Morosidade da Justiça Eleitoral. Entre três concordâncias e uma discordância quanto ao teor das decisões do Tribunal Regional Eleitoral (TRE) que cassaram os direitos políticos do casal Garotinho e do deputado Arnaldo Vianna (PDT), por conta de abusos cometidos nas eleições municipais de 2008, todos os demais candidatos do pleito — Odete Rocha (PC do B), Paulo Feijó (PR) Graciete Santa (PCB) e Marcelo Vivório (PRTB) — lamentaram a demora na ação do Judicário.
Nenhum dos quatro ex-candidatos confirmou que voltaria a tentar novamente a Prefeitura, caso realmente se configura a nova eleição determinada pelo TRE, na condenação da prefeita Rosinha (PMDB).
— Nós precisamos que coisas como as que vimos nas eleições de 2008 sejam julgadas de uma maneira mais rápida. A gente, que disputou o pleito de maneira correta, sai prejudicado. A disputa é muito desigual e nós sentimos isso durante toda a campanha, esse poder econômico que buscava polarizar a eleição entre esses dois grupos agora condenados. É uma história que parece não acabar nunca e, na verdade, começou desde 2004. E as consequências não são só políticas. Vivemos no capitalismo e nenhum capitalista vai investir numa cidade com tanta instabilidade política. Lamento que nós todos tenhamos novamente que estar fazendo esse exercício daquilo que poderá acontecer na política de Campos a partir de decisões judiciais.

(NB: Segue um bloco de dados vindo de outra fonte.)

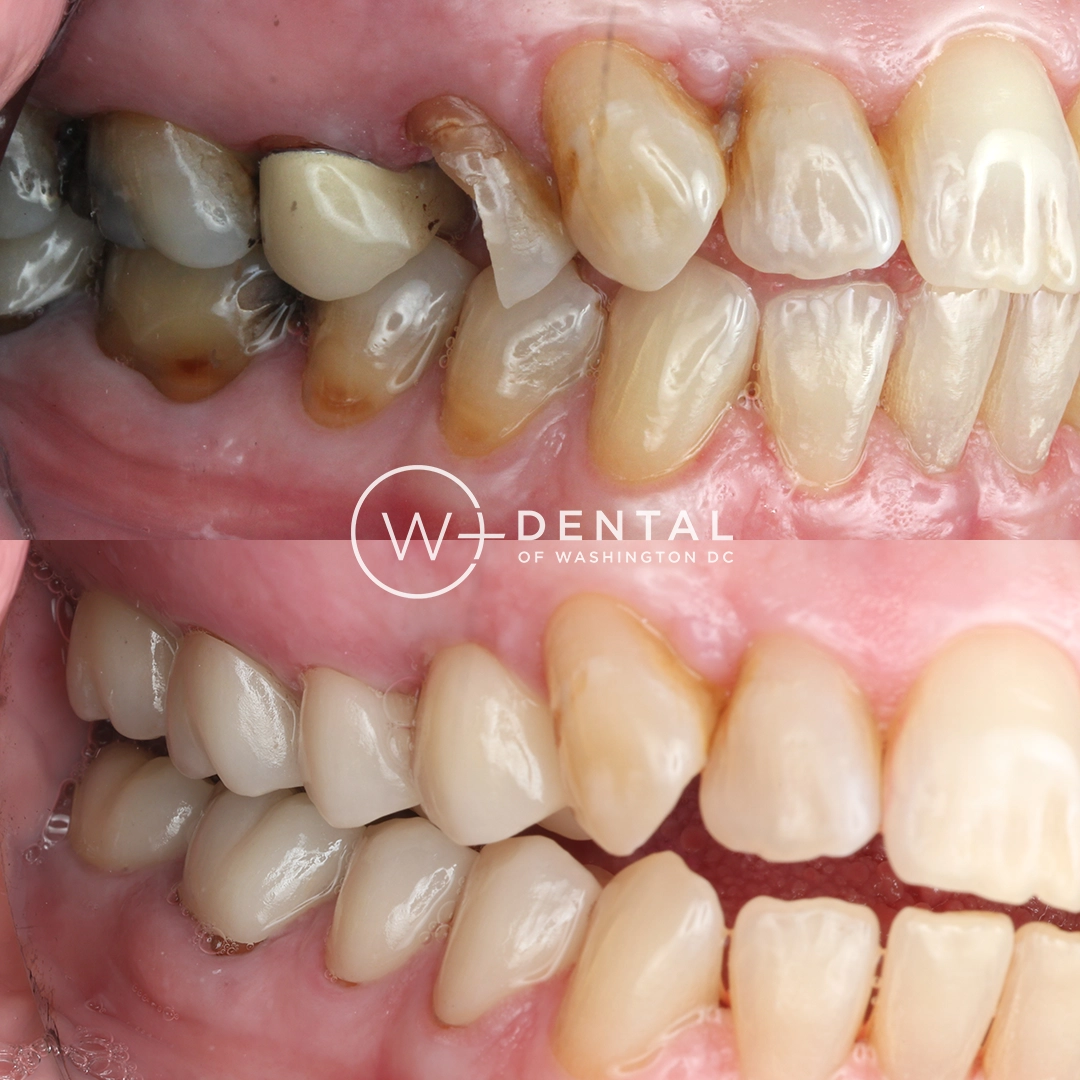 before and after dental bonding for a chipped tooth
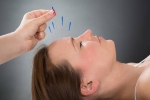 Pain Relief - Acupuncture Over Opioids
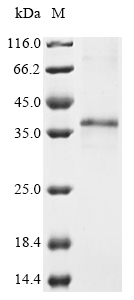SDS-PAGE - Recombinant Mouse ITM2A protein (AB289757)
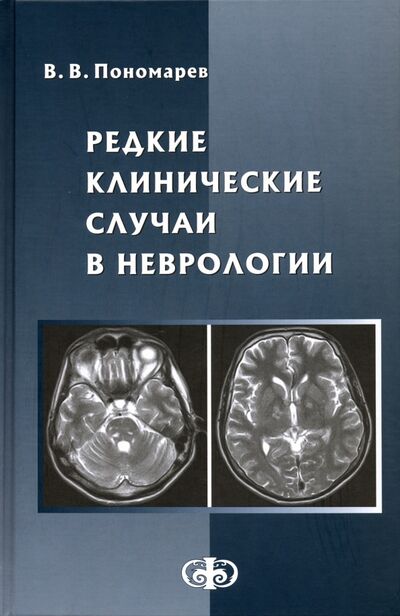 Книга: Редкие клинические случаи в неврологии (случаи из практики). Руководство для врачей (Пономарев Владимир Владимирович) ; Фолиант (мед.), 2020 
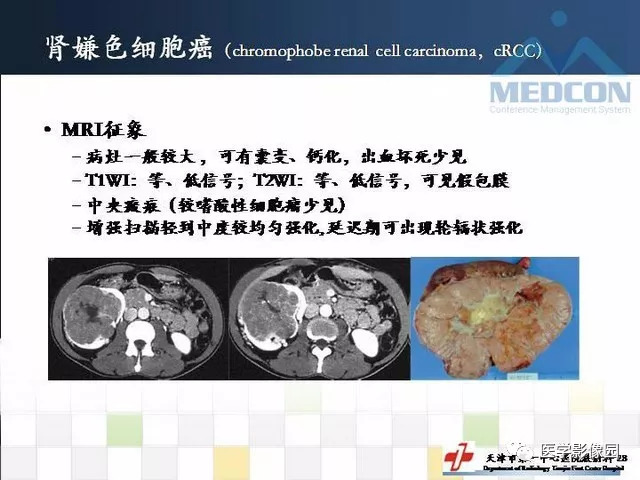 【PPT】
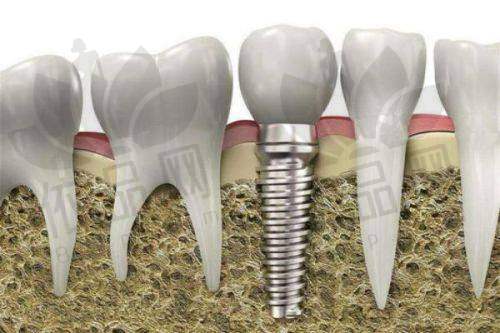 柳州蓝天口腔有种植牙资质吗？收费贵吗？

Por enquanto, o que há de concreto é minha pré-candidatura a deputada estadual e é nesta certeza que eu e meu grupo temos, por enquanto, que apostar. Agora, eu pergunto: quem criou essa confusão? Quem a legitimou? — indagou Odete, que teve 26.952 votos em 2008.
— O TRE está se desmoralizando, levando instabilidade ao Estado do Rio, cassando um prefeito a cada semana. Por que a Justiça Eleitoral não é rigorosa durante a campanha? Agora, na metade do mandato de Rosinha, a quatro meses da eleição para governador, sai uma decisão dessas? É muito estranho. Tanto no caso de Garotinho e Rosinha, quanto no de Arnaldo, não creio que nenhuma dessas decisões irá prosperar. Tenho certeza de que serão reformadas em instâncias superiores. O TRE está muito politizado. Não há como pensar em nova eleição. A prefeita Rosinha recorre no cargo e vai cumprir seu mandato até o final — apostou o ex e pré-candidato a deputado federal Paulo Feijó, que disputou a eleição municipal pelo PSDB, conquistando 3.686 votos, antes de migrar ao PR e chegar a ocupar a secretaria de Meio Ambiente de Rosinha.
— Penso a mesma coisa de um caso e do outro. Se o TRE entendeu que tinha motivos para condenar um lado, também teve motivos para condenar o outro. Quem acompanhou as eleições em 2008, quem leu os jornais, viu quantos escândalos aconteceream. Só lamento que a Justiça não tenha agido com a pressa necessária. Agora a Justiça não cassou a mim. Não cassou a Odete, não cassou o Feijó. Por quê? Deixo a pergunta no ar, até para que o eleitor faça uma reflexão e pense melhor na próxima vez que for votar. Se houver nova eleição, meu nome está à disposição do partido, mas antes precisamos conversar com todos que nos apoiaram em 2008 — ressalvou Vivório, que teve 963 votos na disputa pela Prefeitura.
— Essa morosidade da Justiça realmente é muito ruim. São questões que não deveriam se estender por tanto tempo, prejudicando o município com essa incerteza criada e pela mais essa exposição de Campos, novamente de maneira negativa, em toda a mídia nacional. Mas, por outro lado, ainda bem que chegou, afinal Rosinha ainda está no segundo ano de mandato. Pior seria se tivesse extrapolado os quatro anos. Ainda é muito cedo para fechar uma posição quanto à nova eleição. Eu e meu partido vamos discutir isso, no sábado. Só depois disso tomaremos alguma decisão — disse Graciete, que não chegou a ter a candidatura aceita em 2008.